Aim of the exercise: The answer must consist only of the lines in the records below from the line with "Отель Hola Hostal Eixample ванная" to the line with "Housse de tablette 19x25 cm Orange - Kiabi", both included, copied word for word with every picture left out.
*** Opening of Supplied material ***
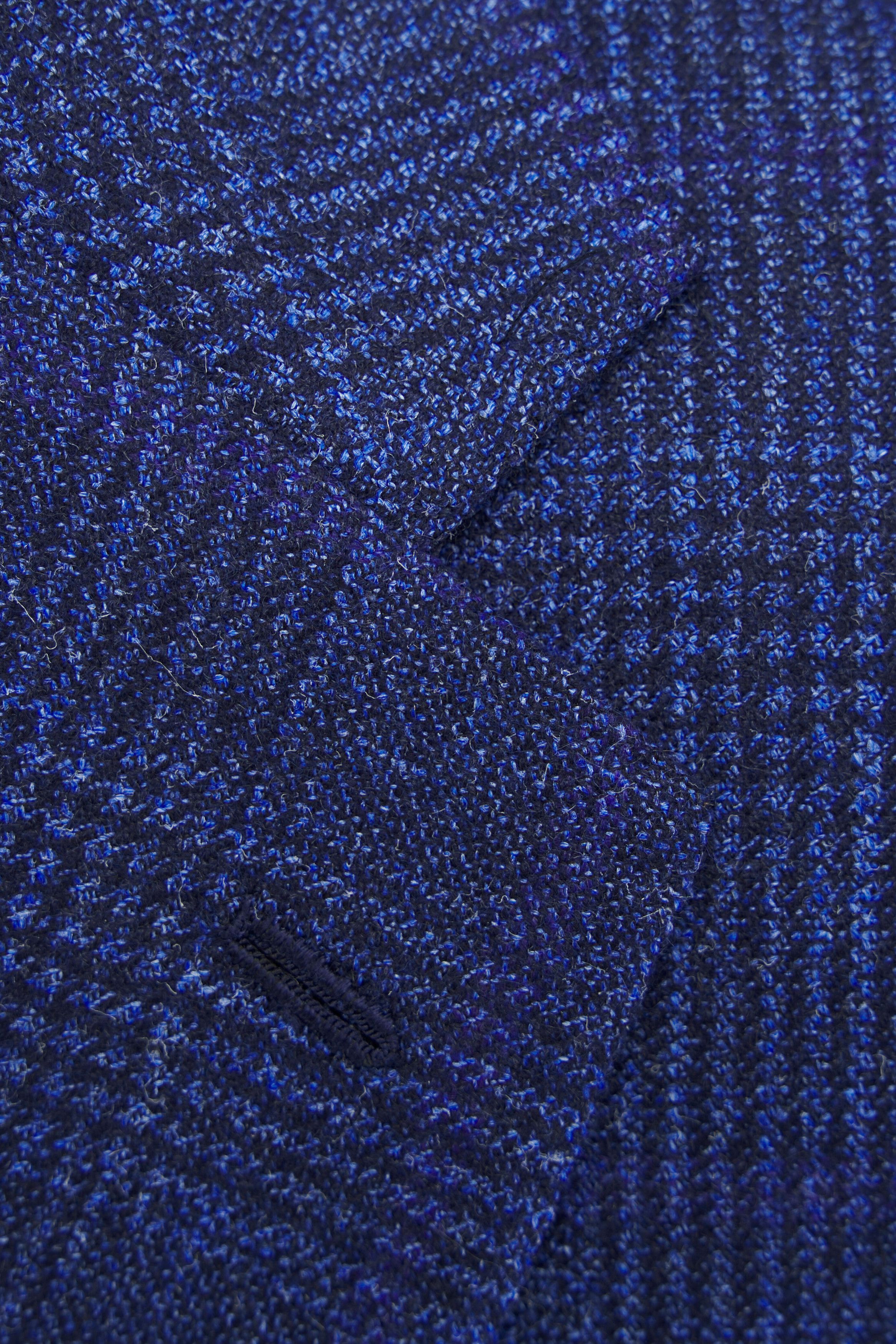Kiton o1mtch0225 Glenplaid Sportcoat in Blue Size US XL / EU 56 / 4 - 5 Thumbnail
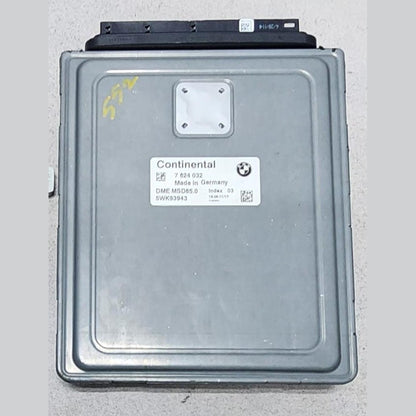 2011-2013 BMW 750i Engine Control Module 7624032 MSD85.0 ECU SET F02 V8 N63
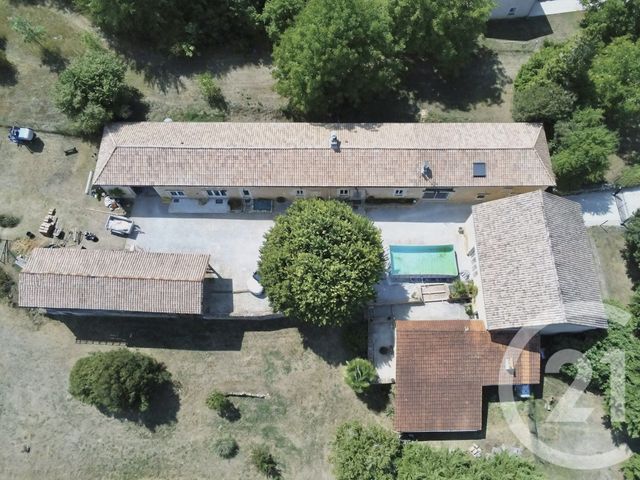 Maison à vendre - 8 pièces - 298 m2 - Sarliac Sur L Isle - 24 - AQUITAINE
*** Close of Supplied material ***
*** Opening of Supplied material ***
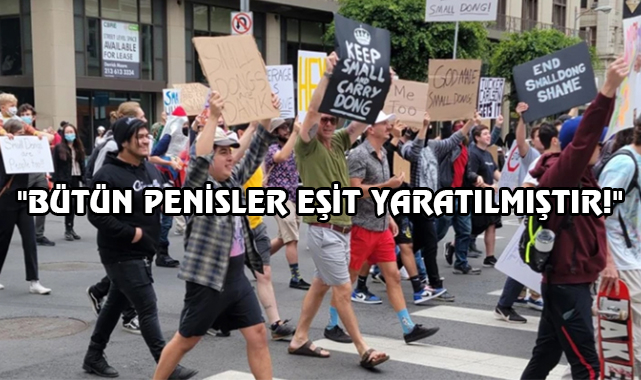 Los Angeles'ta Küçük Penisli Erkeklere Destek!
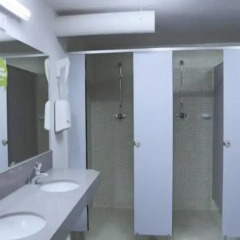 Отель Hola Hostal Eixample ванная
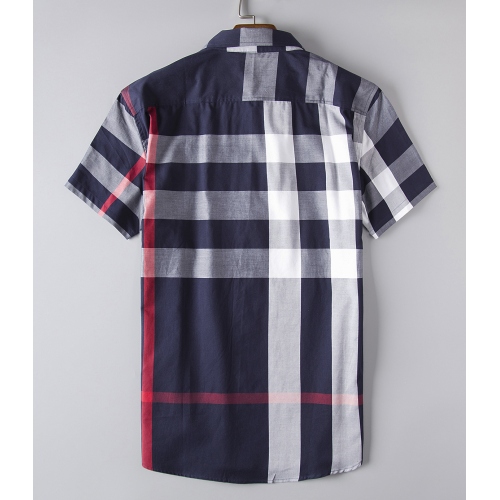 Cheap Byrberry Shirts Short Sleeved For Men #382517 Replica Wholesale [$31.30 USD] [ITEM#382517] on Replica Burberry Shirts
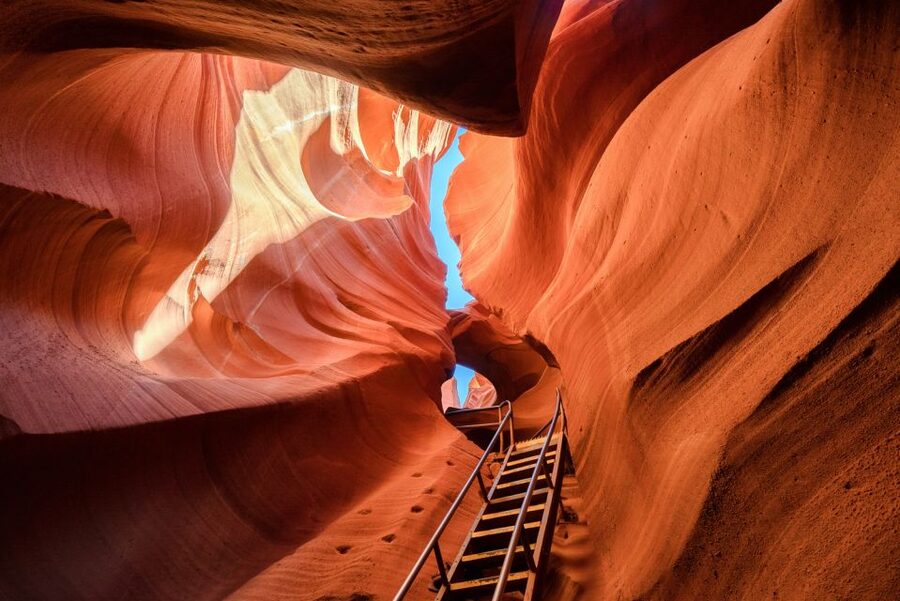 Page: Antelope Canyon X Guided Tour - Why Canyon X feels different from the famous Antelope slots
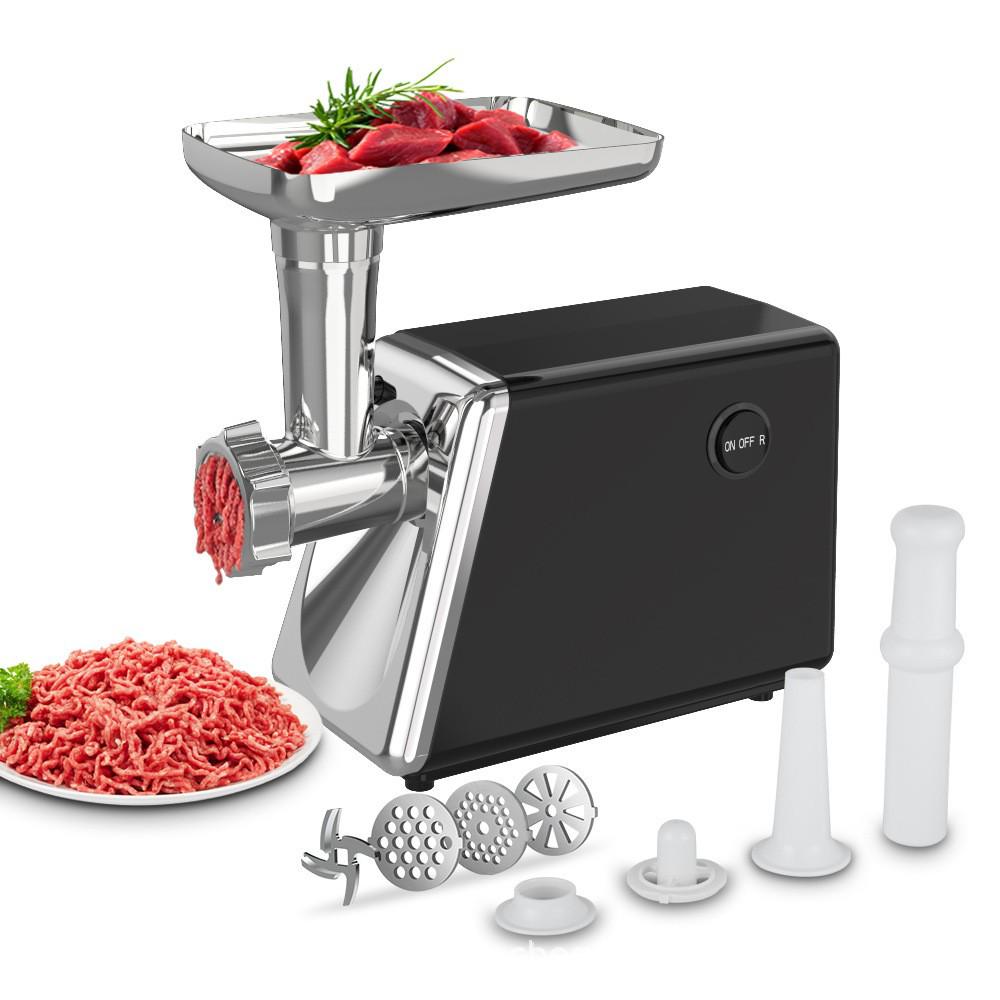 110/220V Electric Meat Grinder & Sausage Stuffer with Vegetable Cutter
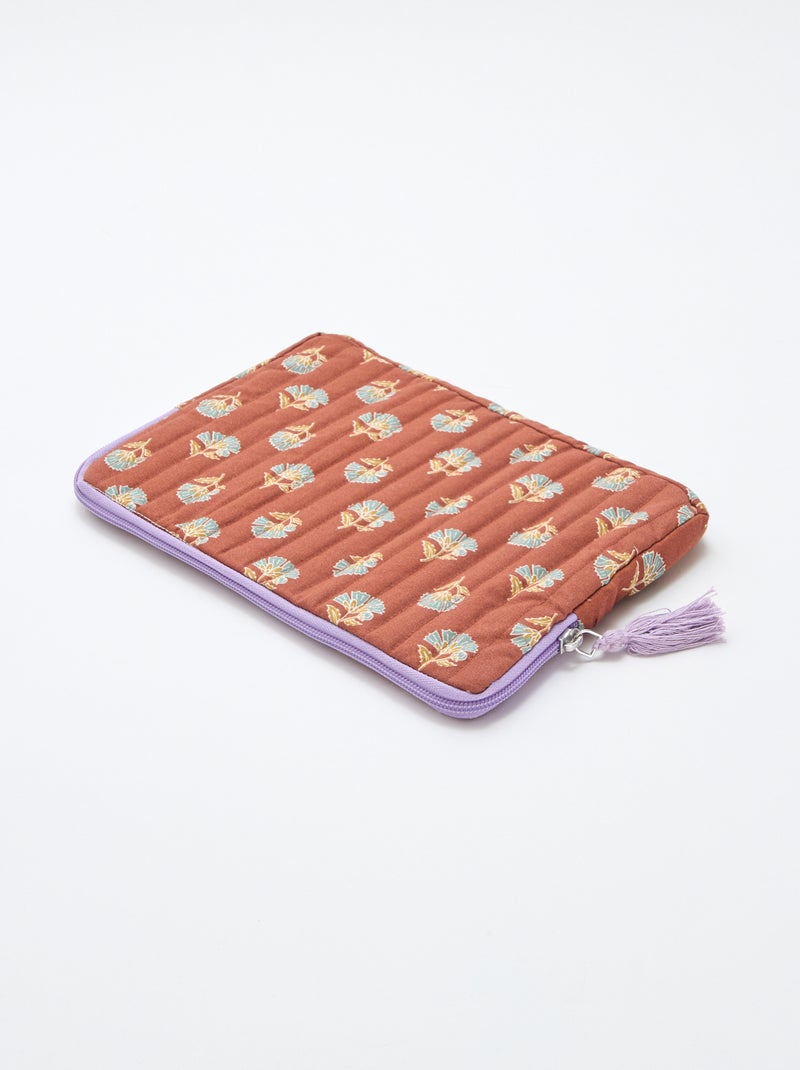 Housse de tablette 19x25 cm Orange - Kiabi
*** Close of Supplied material ***
Problem solution:
 Отель Hola Hostal Eixample ванная
 Cheap Byrberry Shirts Short Sleeved For Men #382517 Replica Wholesale [$31.30 USD] [ITEM#382517] on Replica Burberry Shirts
 Page: Antelope Canyon X Guided Tour - Why Canyon X feels different from the famous Antelope slots
 110/220V Electric Meat Grinder & Sausage Stuffer with Vegetable Cutter
 Housse de tablette 19x25 cm Orange - Kiabi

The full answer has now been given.